Il créé aussi l’Institut du Grenat en 2010, dont le but est d’inventorier les typologies de ces bijoux et de collecter la mémoire de ceux qui les ont fabriqués. La divulgation se fait au moyen du site Internet Institutdugrenat.com

Dès sa création l’Institut travaille avec les bijoutiers traditionnels.

Très vite le Syndicat, la Confrérie et l’Institut créent le Collectif du Grenat de Perpignan. Ils vont ensemble anticiper la mise en place de l’Indication Géographique.

Les membres de la Confrérie comprennent qu’il faut différencier les bijoux réalisés localement et dans le respect de règles précises, de ceux qui peuvent :

  • Soit provenir d’autres zones de production,
  • Soit de bijoux fabriqués localement mais selon des techniques semi-industrielles.

Dès que le dossier IG est disponible, nous le complétons sous les recommandations de madame Audrey Aubard. Le cahier des charges est minutieusement élaboré par les bijoutiers eux-mêmes. L’Institut du Grenat contribue à la partie du dossier qui prouve l’ancrage historique de ce bijou.

A ses débuts, les porteurs du projet s’adressent à l’ensemble des bijoutiers du département des Pyrénées-Orientales réalisant des bijoux en Grenat, quel que soit leur technique de fabrication.

Hormis les membres de la Confrérie, peu répondent à l’invitation. Un artisan indépendant de la Confrérie ainsi qu’un établissement semi-industriel faisant des bijoux par moulage s’intègrent au projet.

Dans les derniers mois du processus, la validation du dossier dans son ensemble va être contrariée par le patron de l’établissement semi-industriel. Celui-ci se rétracte au dernier moment et envoie trois ou quatre pages d’arguments contradictoires à l’INPI, pour tenter d’empêcher le processus d’aboutir.

L’IG est homologuée malgré tout le 23 novembre 2018. Le Syndicat des Bijoutiers des Pyrénées-Orientales devient l’Organisme de Défense et de Gestion (ODG) de l’Indication Géographique “Grenat de Perpignan”. C’est alors la 5ième IG, première IG accordée en Région Occitanie et la seule jusqu’à présent dans la catégorie « bijouterie ».

Le contrôle des bijoux pouvant prétendre à l’IG a été difficile à régler. Les organismes certificateurs habituels ne sont pas familiarisés avec la bijouterie, l’organisme qui est lié aux métaux précieux n’est pas certifié pour les IG.

C’est finalement Certipaq qui a été choisi pour effectuer un contrôle chez chaque producteur tous les deux ans.

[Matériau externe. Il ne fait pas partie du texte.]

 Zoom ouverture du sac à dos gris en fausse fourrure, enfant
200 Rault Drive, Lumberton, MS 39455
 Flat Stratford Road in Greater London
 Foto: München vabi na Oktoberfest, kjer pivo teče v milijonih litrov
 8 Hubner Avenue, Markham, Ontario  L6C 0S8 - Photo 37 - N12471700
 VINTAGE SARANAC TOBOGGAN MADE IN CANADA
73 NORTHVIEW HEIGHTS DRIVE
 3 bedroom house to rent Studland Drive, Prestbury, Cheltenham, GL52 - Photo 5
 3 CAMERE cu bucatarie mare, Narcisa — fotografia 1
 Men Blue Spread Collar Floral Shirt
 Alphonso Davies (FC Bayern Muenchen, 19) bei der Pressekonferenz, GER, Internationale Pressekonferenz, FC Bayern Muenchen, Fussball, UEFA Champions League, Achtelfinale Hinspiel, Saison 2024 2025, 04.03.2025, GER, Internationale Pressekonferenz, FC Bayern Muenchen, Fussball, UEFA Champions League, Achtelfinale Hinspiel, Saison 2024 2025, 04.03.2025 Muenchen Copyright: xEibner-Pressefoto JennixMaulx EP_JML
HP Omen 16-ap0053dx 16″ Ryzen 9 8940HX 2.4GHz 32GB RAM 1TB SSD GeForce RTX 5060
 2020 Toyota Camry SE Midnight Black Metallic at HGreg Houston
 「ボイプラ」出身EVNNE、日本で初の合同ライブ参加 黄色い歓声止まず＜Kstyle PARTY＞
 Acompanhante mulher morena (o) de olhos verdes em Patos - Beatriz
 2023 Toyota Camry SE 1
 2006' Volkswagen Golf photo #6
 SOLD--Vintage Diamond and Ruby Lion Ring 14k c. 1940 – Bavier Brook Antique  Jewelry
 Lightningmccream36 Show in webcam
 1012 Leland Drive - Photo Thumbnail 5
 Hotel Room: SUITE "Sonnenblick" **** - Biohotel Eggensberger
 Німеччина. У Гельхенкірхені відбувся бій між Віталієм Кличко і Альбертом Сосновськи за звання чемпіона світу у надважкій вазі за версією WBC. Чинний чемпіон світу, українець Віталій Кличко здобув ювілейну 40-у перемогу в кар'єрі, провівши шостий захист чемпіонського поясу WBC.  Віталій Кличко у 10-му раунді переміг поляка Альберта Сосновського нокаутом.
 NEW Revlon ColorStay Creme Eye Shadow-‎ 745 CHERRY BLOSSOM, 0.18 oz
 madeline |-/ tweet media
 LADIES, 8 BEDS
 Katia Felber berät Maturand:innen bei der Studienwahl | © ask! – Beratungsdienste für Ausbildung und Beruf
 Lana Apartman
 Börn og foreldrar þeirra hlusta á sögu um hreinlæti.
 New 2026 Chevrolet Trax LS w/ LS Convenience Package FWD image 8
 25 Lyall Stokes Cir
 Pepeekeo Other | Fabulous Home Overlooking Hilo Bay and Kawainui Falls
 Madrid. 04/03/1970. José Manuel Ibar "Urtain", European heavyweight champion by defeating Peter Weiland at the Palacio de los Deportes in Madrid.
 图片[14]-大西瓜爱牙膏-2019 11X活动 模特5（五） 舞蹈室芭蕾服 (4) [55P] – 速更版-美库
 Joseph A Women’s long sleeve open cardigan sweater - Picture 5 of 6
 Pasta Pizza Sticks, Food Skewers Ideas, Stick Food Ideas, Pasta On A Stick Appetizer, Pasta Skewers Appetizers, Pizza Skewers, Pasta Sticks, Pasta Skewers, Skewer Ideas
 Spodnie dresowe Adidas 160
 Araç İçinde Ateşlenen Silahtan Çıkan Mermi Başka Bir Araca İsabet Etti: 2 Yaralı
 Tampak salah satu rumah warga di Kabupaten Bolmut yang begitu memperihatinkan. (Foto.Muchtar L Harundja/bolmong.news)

Aujourd’hui l’IG Grenat de Perpignan regroupe 10 Petites Entreprises sur tout le département du 66.

Cette filière emploie une quarantaine de personnes et réalise un chiffre d’affaires annuel d’environ 1,5 million d’euros.

La protection par l’IG étant acquise, en resserrant nos liens nous sommes passé à une nouvelle phase : accroitre la notoriété de nos bijoux.

Le projet d’exposition permanente, lancé par l’Institut du Grenat dès sa création, va ouvrir un an après l’IG, avec le soutien actif du Collectif.

Elle devient l’une des priorités du Conseil Départemental des Pyrénées-Orientales grâce à l’obtention de l’IG. L’exposition est totalement financée par cette Institution.

Elle permet de présenter scientifiquement l’histoire et la technique de notre artisanat.

C’est un espace unique en son genre en France. Il est accueilli au sein du Palais des rois de Majorque. Nous irons ensemble le visiter ce soir.

Les bijoutiers de l’ODG vont aussi se doter d’un site Internet de vente présentant les bijoux « Indication Géographique ». Ce site est un outil indispensable si l’on veut atteindre la clientèle nationale.

Les bijoutiers IG resserrent ainsi les rangs entre-eux.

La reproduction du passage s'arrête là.